Ultimately, all these optimizations are just guesswork unless you can monitor the effects in a controlled environment. For this you need a profiler. I recommend investing in JProfiler. It's a very good tool, although still somewhat buggy. Its best feature is the ability to look at "allocation hotspots" which shows you where most of the memory is being allocated, both by amount of memory and by number of allocations. Not just which objects are eating your memory, but which methods are creating them. This kind of tool will allow you to discover just how poorly your code really is utilizing memory, or how badly it is fragmenting your precious heap.

Monday, December 05, 2005

Config Code Creep

In the course of developing an application, many constraints are applied to the efforts of developers. There are, among others, the pressures of code re-use, extensibility and configurability. A beautiful application will be both extensible and configurable, and if it needs to be modified we won't have to throw away or re-write much of its code.

But extensibility and configurability can be taken to an extreme, and often are. Think about it. Conjure up a mental picture of the ultimate extensible app. Do you have it in mind? If you took the thought far enough, the application you're thinking of is indistingushable from a programming language.

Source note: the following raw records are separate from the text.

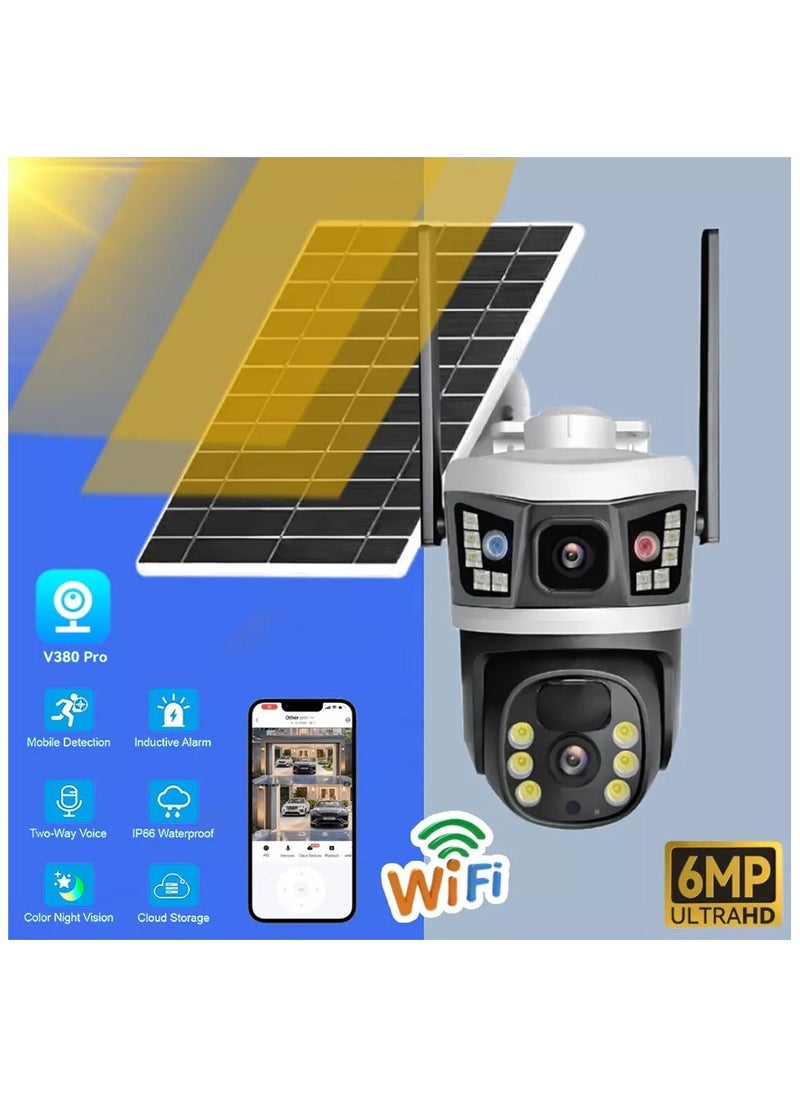 Generic - 6MP Dual-Lens Outdoor WiFi Security Camera – IP66 Waterproof Surveillance Cam with Full-Color Night Vision, Motion Detection, Two-Way Audio, Remote Access via App - Image 1
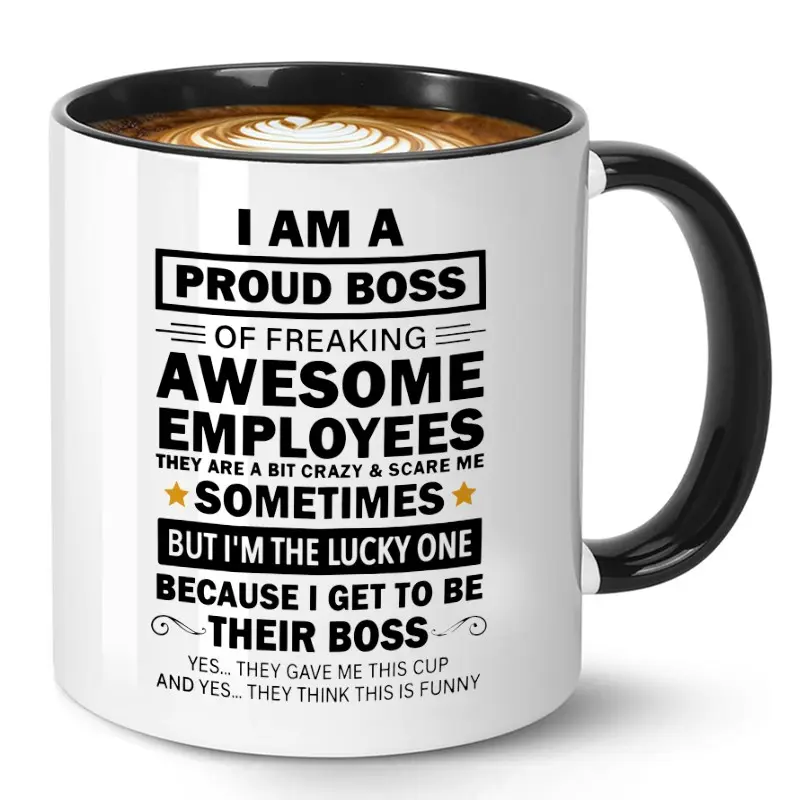 Funny Boss Coffee Mug, 11oz Ceramic Cup, Humorous Gift for Manager Team Lead, Christmas Birthday Present, 1pcs Funny Office Accessory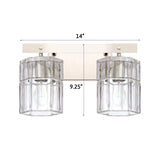 14"W Sloane 2-Light Vanity Polished Nickel with Clear Grooved Glass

It's possible to make an application configurable to the point of absurdity. What we end up with is minimal code and a host of configuration files (or database tables) that specify most of how the application behaves. But what are these configuration files really? They're code. They just happen to be code that's tucked away one meta-level down and likely has little or no error checking. Further, they're usually written in something clunky like XML, editing which is both tedious and error-prone.

To add insult to injury, developers usually don't show the same respect for configuration files as they do for code. For example, they're often second-class citizens in a CVS project. Developers who work with multiple branches of the same project often don't feel compelled to keep config files consistent with the rest of a branch. Nor is there the same compulsion for code re-use. Any programmer worth their salt wouldn't dream of copying and pasting a method multiple times into various source files, but they generally don't have a problem with pasting XML stubs into various config files.

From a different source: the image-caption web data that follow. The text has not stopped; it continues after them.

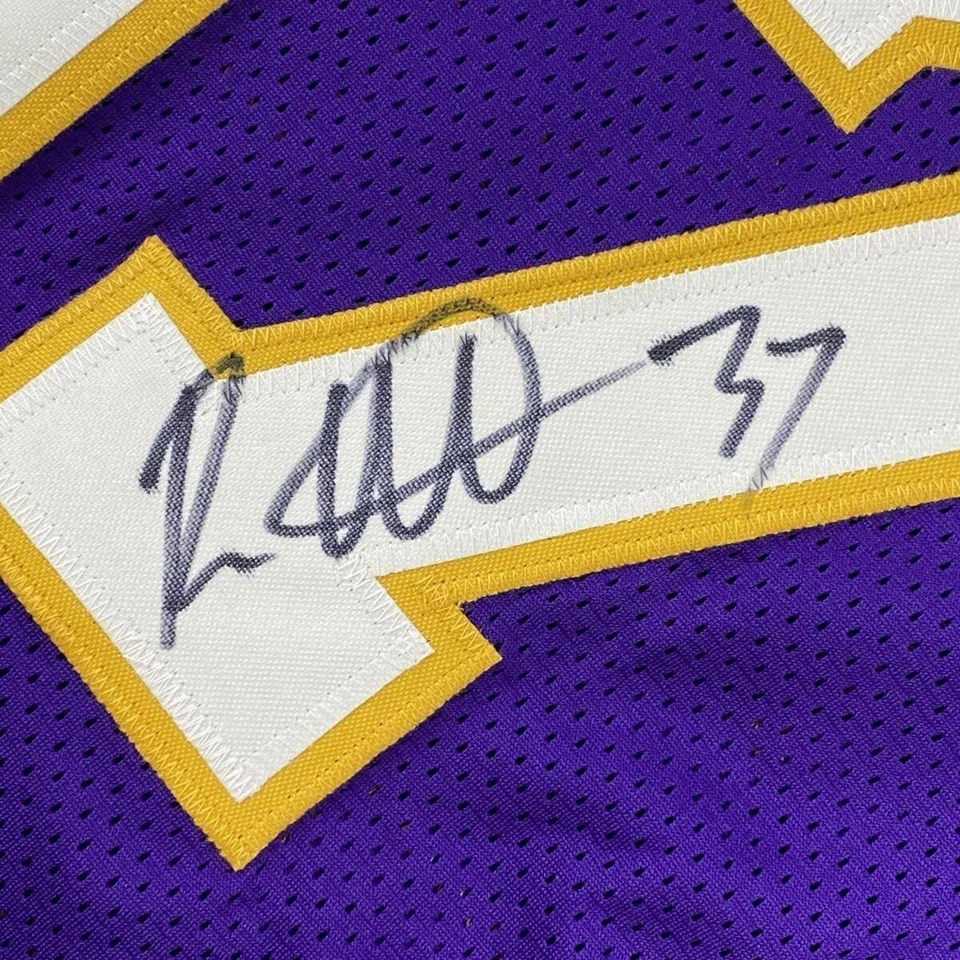 Camiseta deportiva enmarcada autografiada/firmada Ron Artest 33x42 púrpura de Los Ángeles certificado de autenticidad PSA/DNA Foto 2 de 2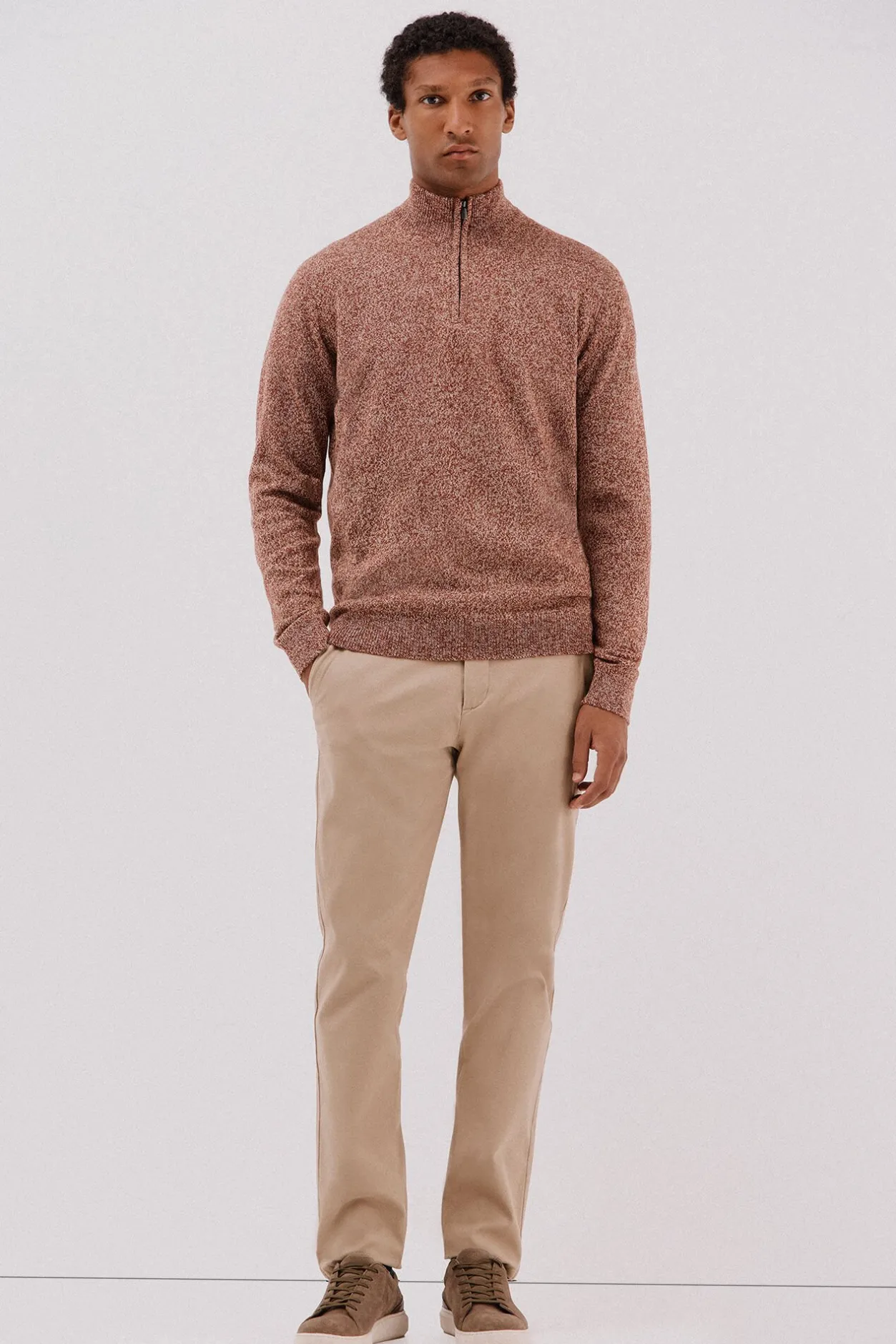 Cortefiel Jersey lana torzal cuello cremallera Marrón Hot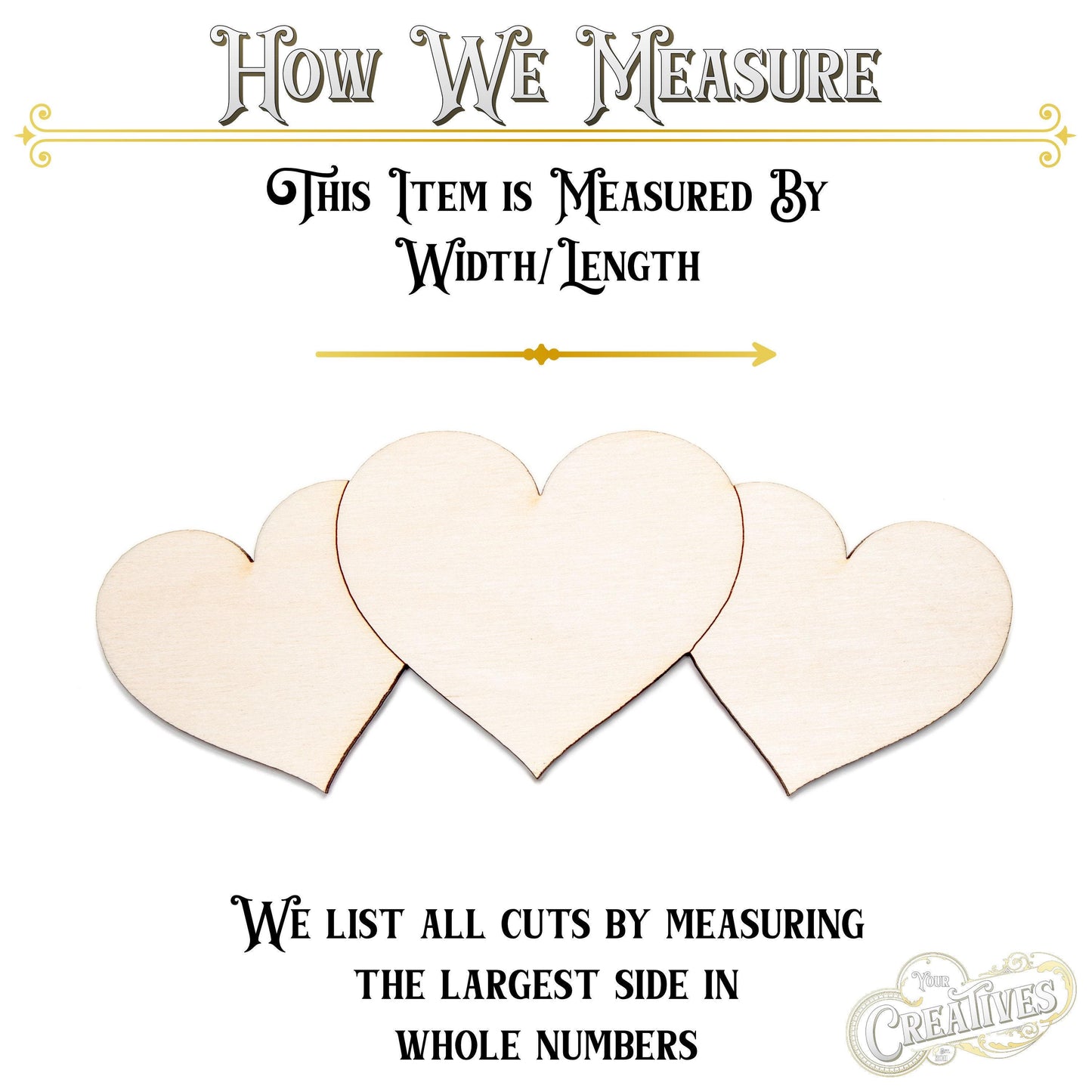 Triple Hearts Wood Cutout - Laser Cut Unfinished Craft Shape - Multiple Sizes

Another example is a project I witnessed the launch of a few months ago. It was an ASP.Net application, and the default VS.Net configuration file was accidentally deployed to the production site. They simply weren't paying attention to it.

Then again, an example from the other extreme was a Smalltalk project I worked on where the configuration was written in Smalltalk code like the rest of the application. LISP applications are similarly often configured with LISP programs. That's perfectly respectable in my opinion. Certainly moreso than doing half your work in Java and leave the rest of it to ferment in XML files.

The take-home point is this: There's not a whole world of difference between code and structured data. The config files for your application can quickly become more complex and convoluted than the application code if you're not careful. It's often better to solve a problem in code, where at least some rigor is enforced, than delegate its solution to configuration.